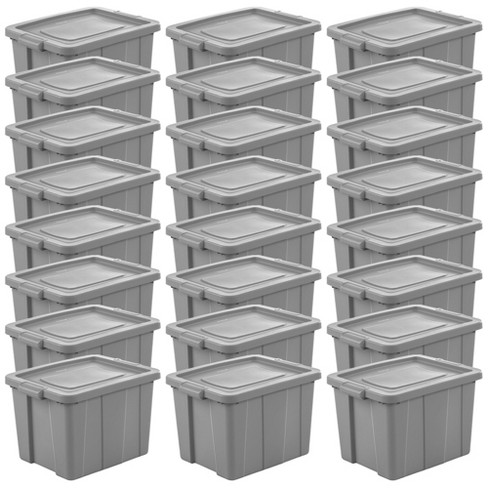 Sterilite 16786A06 Tuff1 18 Gallon Plastic Stackable Bins for Use in  Basement/Garage/Attic Storage Tote Container w/ Lid, Gray 24 Pack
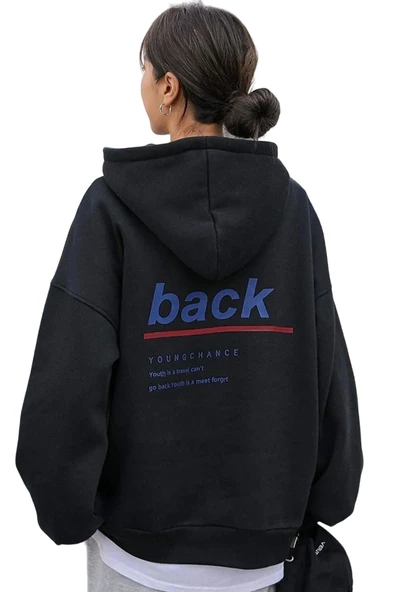 Unisex Back Baskılı Oversize Kapşonlu Sweatshirt - 3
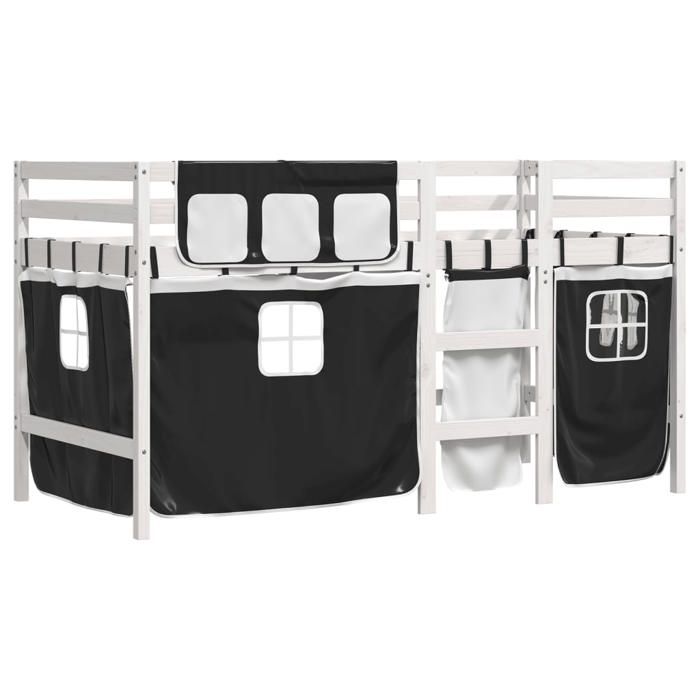 VidaXL Children's Mezzanine Bed and Curtains, Mid Sleeper Bed with Storage, Bedroom Furniture, Modern, White/Black 3283829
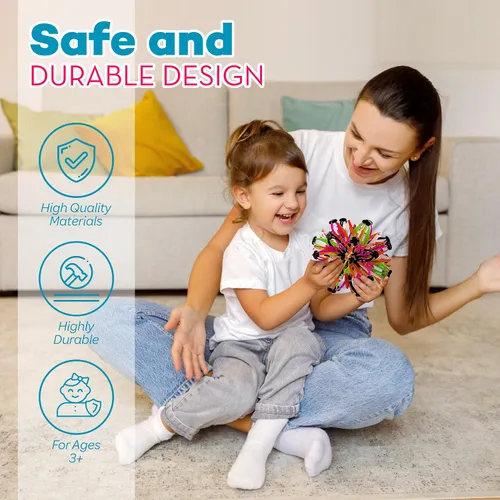 Miniatura 7 de 4E's Novelty Esfera de bola de respiración expandible (paquete de 4) juguete para niños para aliviar el estrés, juguetes para ansiedad, yoga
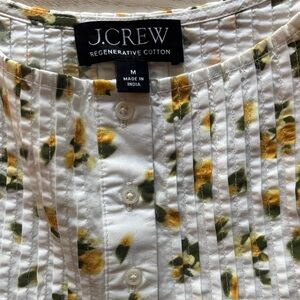 J.Crew White Blouse with Yellow and Green Floral Pattern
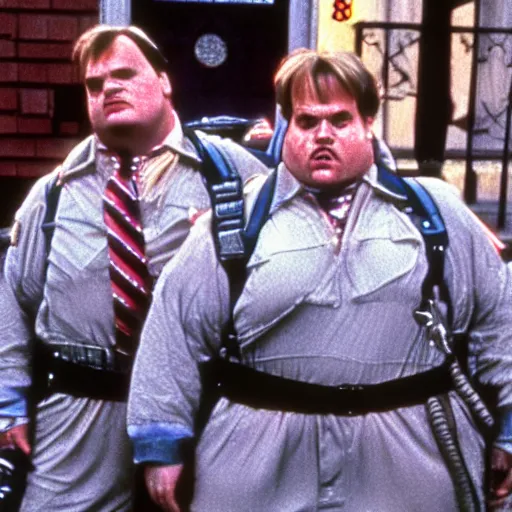Image similar to Chris Farley as a Ghostbuster in a still from the movie Ghostbusters 8k hdr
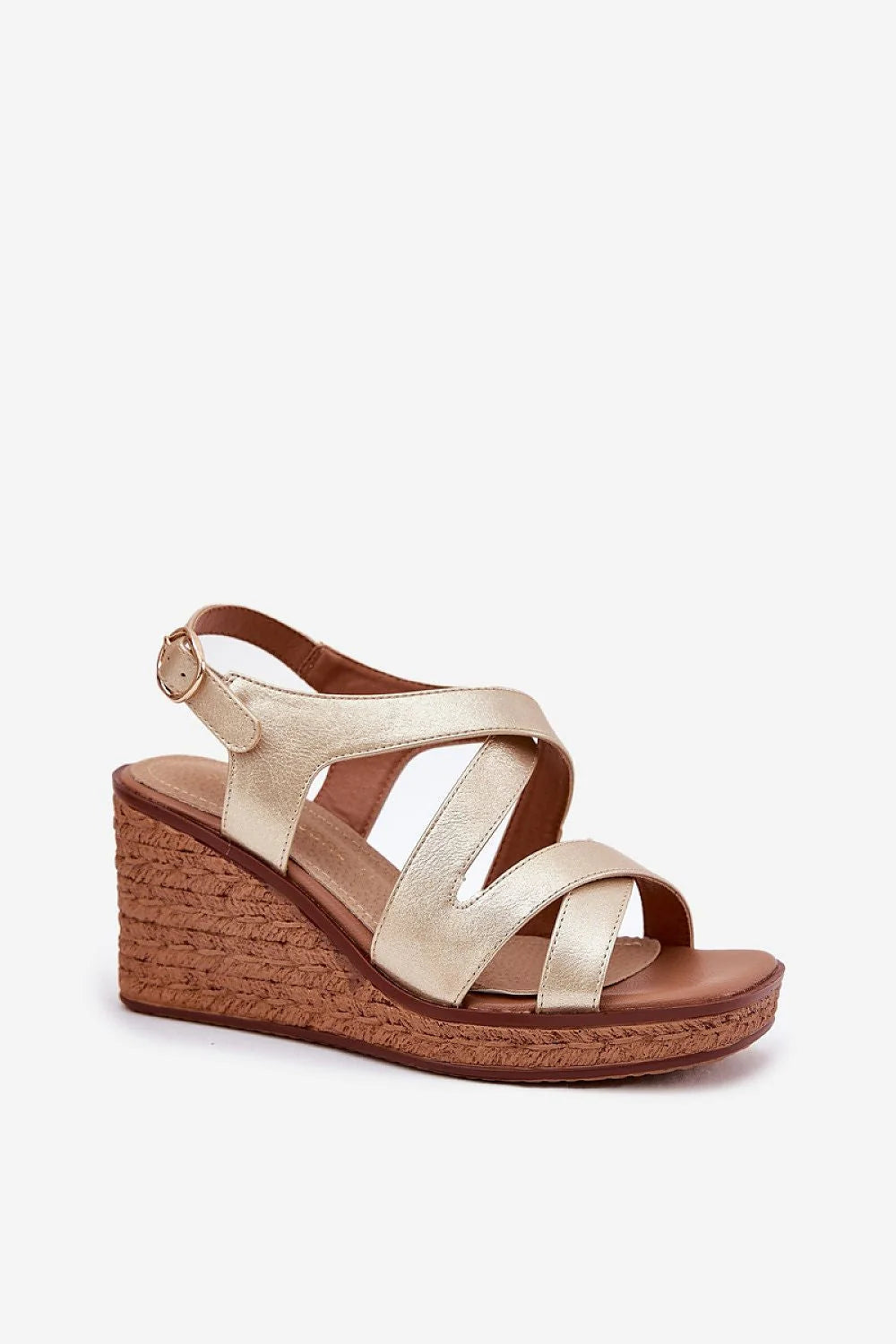 Sandales pour femmes élégance design moderne compensé doré lanières entrelacées boucle ajustable semelle naturelle cuir artificiel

********************

• TASK GOAL: Only the lines from the one that holds "J.Crew White Blouse" through the final line of the material should be reproduced, word for word, with the pictures omitted.

• EXERCISE SOLUTION:
 J.Crew White Blouse with Yellow and Green Floral Pattern
Image similar to Chris Farley as a Ghostbuster in a still from the movie Ghostbusters 8k hdr
 Sandales pour femmes élégance design moderne compensé doré lanières entrelacées boucle ajustable semelle naturelle cuir artificiel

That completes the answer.